#### WHAT IS BEING ASKED
Could you please repeat the entries below word for word, with the images left out?

#### DATA EXTRACTS
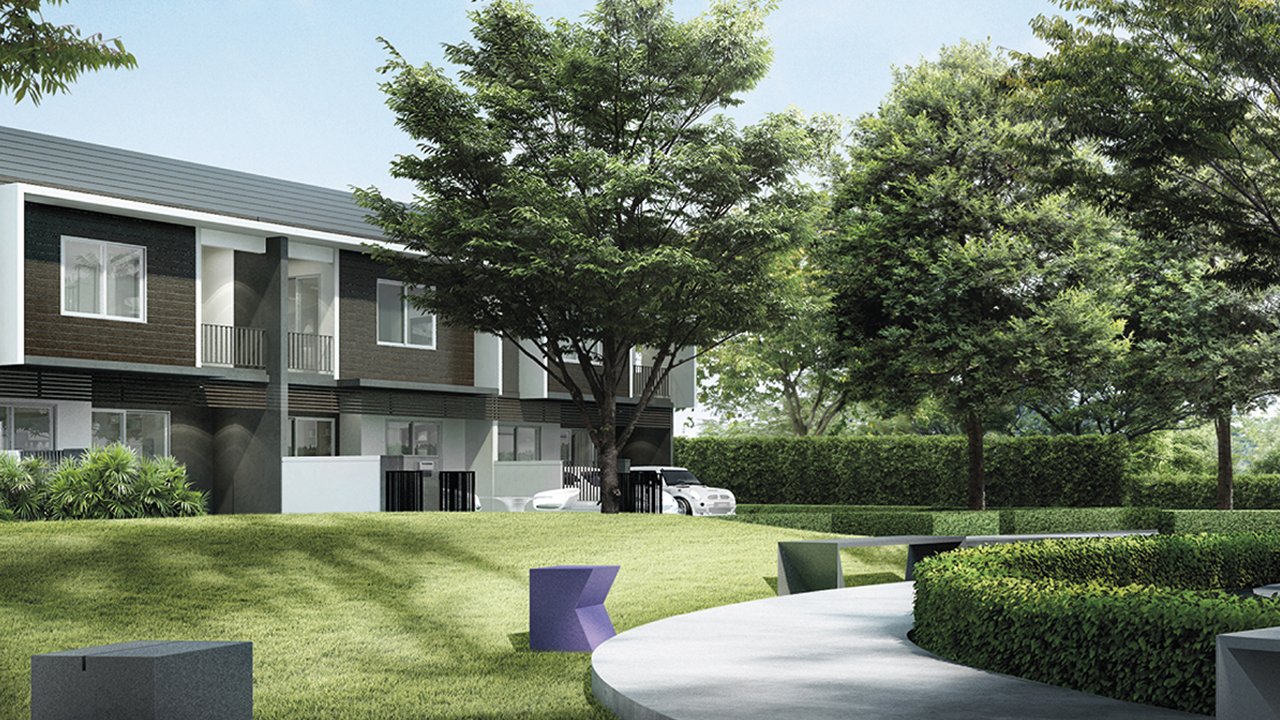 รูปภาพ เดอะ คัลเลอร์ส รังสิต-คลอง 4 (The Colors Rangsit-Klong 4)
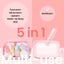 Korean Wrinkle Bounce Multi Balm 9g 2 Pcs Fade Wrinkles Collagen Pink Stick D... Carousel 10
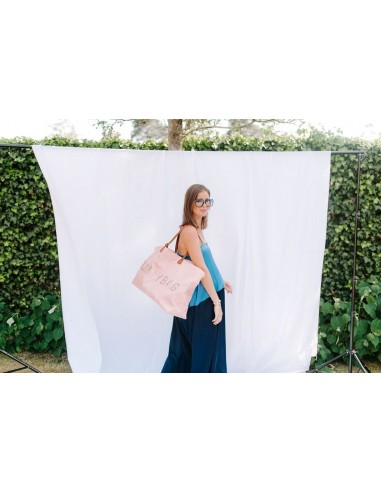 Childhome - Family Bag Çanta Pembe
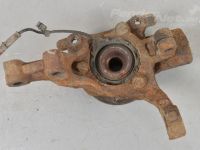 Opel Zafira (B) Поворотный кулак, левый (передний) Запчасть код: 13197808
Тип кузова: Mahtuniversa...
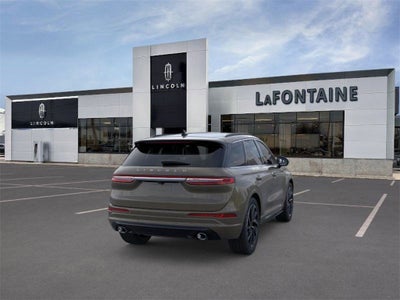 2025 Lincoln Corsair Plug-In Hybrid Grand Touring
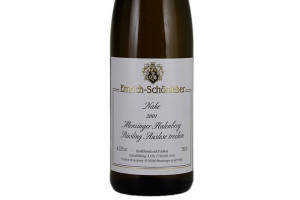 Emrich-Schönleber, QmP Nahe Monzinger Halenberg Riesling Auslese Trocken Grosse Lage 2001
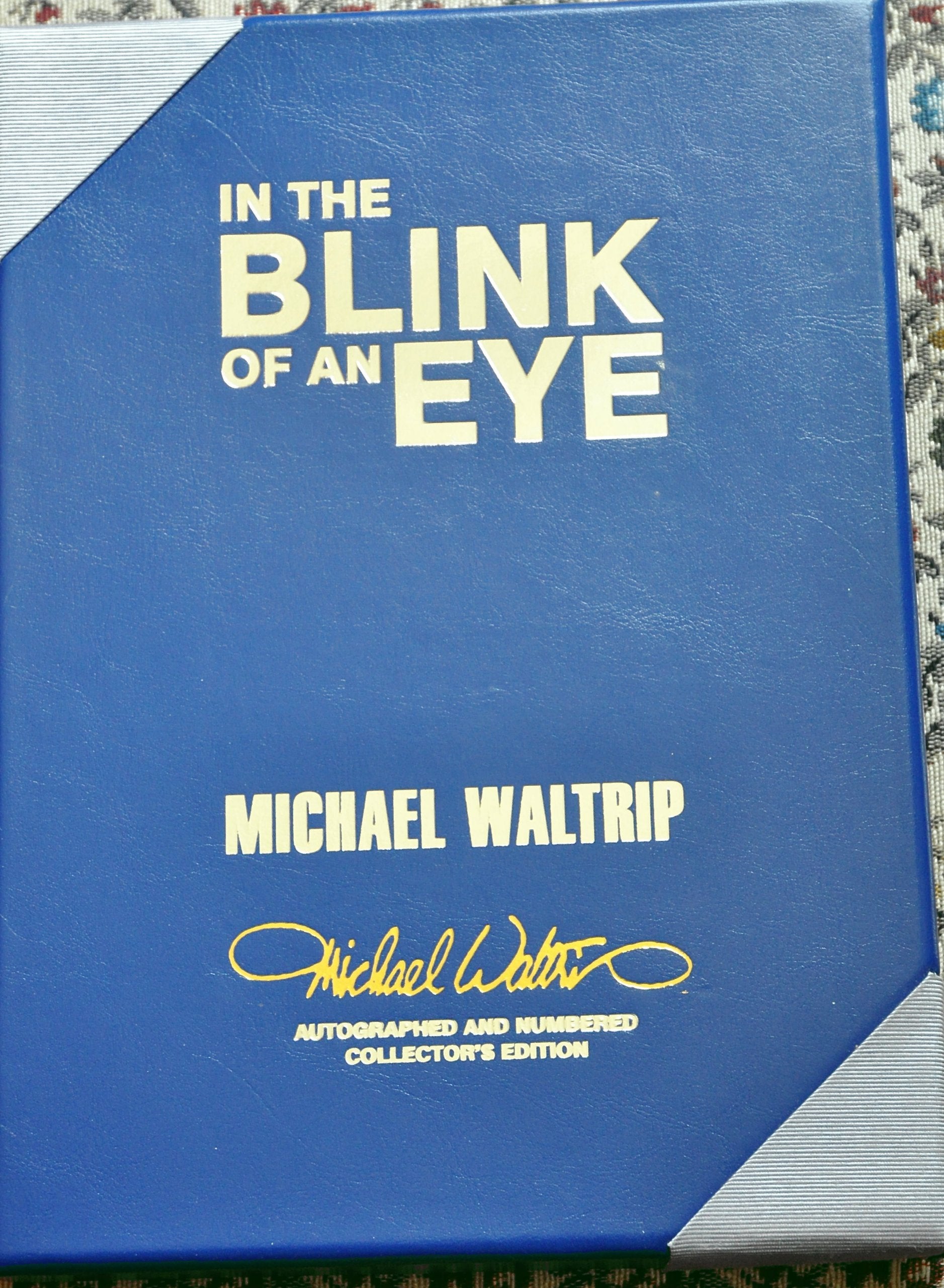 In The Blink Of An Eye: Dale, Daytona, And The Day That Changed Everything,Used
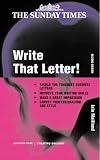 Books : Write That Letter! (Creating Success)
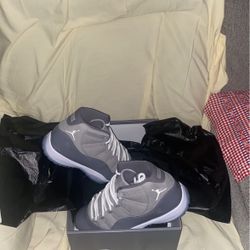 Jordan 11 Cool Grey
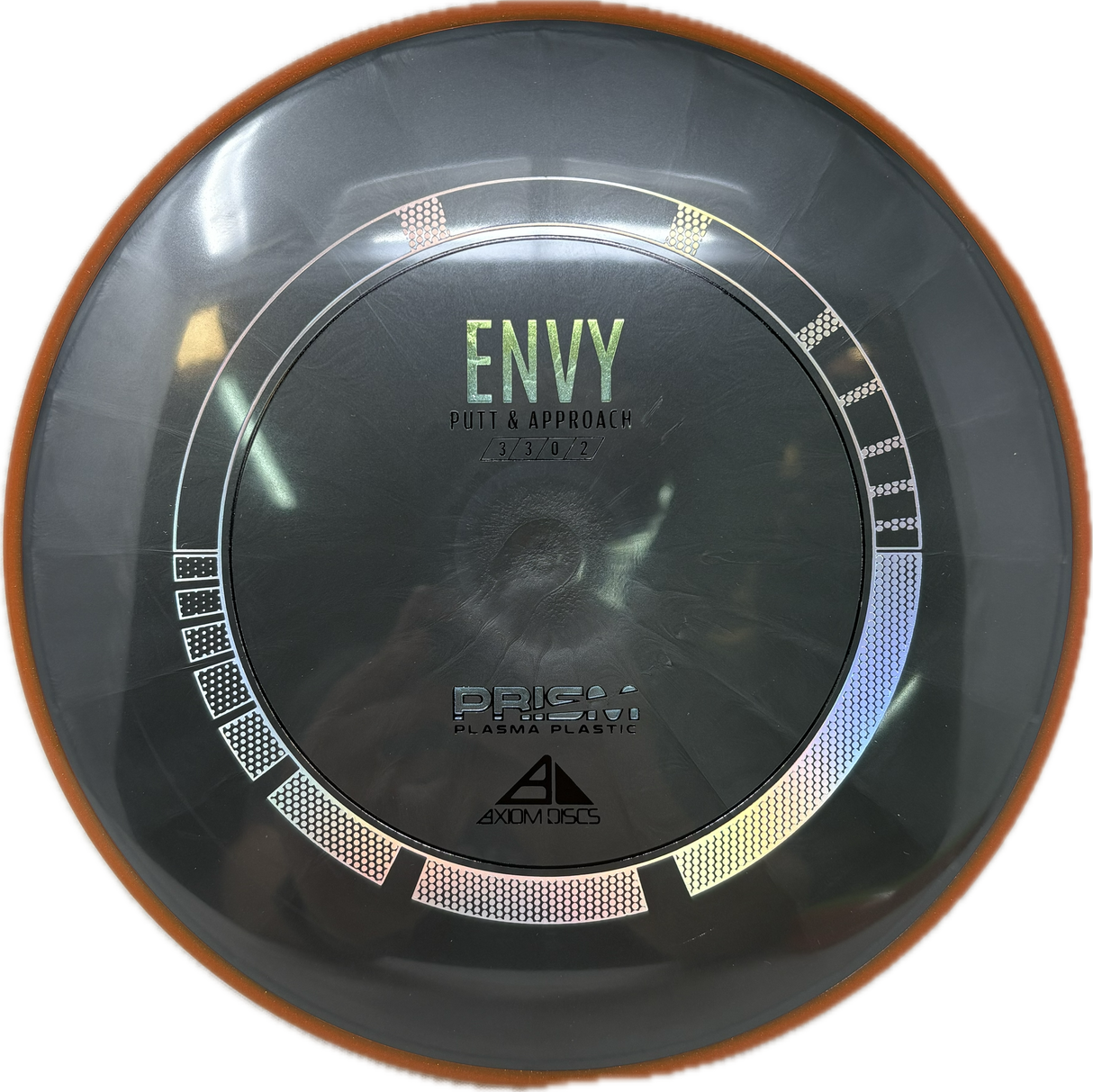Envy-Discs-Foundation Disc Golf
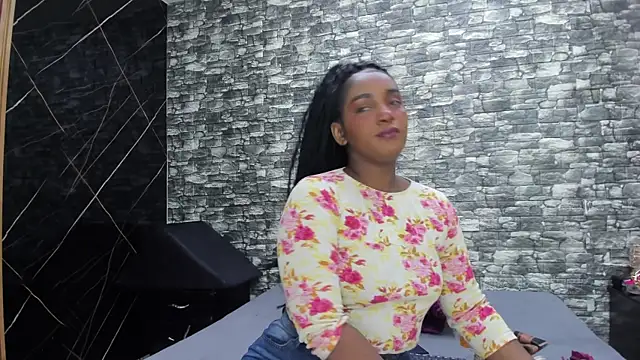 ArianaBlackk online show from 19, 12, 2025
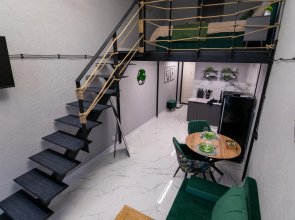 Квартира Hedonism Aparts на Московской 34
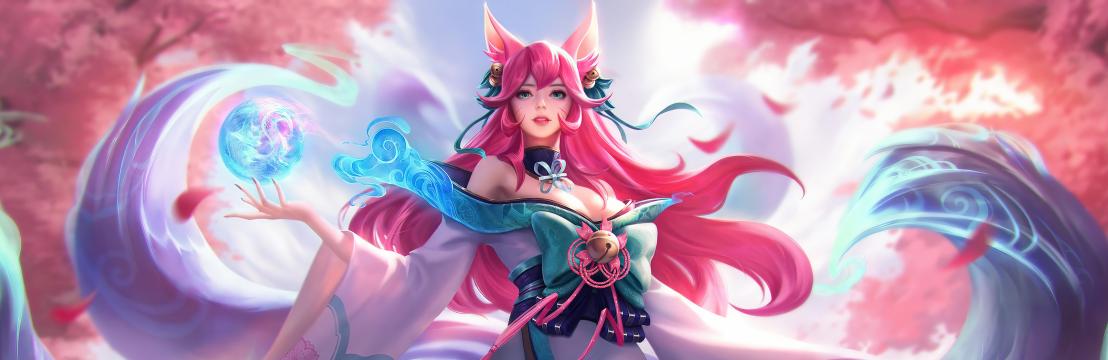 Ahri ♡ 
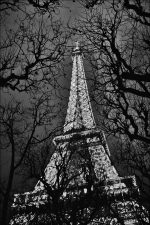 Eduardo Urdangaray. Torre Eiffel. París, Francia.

#### SOLUTION TO THE PROBLEM
 รูปภาพ เดอะ คัลเลอร์ส รังสิต-คลอง 4 (The Colors Rangsit-Klong 4)
 Korean Wrinkle Bounce Multi Balm 9g 2 Pcs Fade Wrinkles Collagen Pink Stick D... Carousel 10
 Childhome - Family Bag Çanta Pembe
 Opel Zafira (B) Поворотный кулак, левый (передний) Запчасть код: 13197808
Тип кузова: Mahtuniversa...
 2025 Lincoln Corsair Plug-In Hybrid Grand Touring
 Emrich-Schönleber, QmP Nahe Monzinger Halenberg Riesling Auslese Trocken Grosse Lage 2001
 In The Blink Of An Eye: Dale, Daytona, And The Day That Changed Everything,Used
 Books : Write That Letter! (Creating Success)
 Jordan 11 Cool Grey
Envy-Discs-Foundation Disc Golf
 ArianaBlackk online show from 19, 12, 2025
 Квартира Hedonism Aparts на Московской 34
 Ahri ♡ 
 Eduardo Urdangaray. Torre Eiffel. París, Francia.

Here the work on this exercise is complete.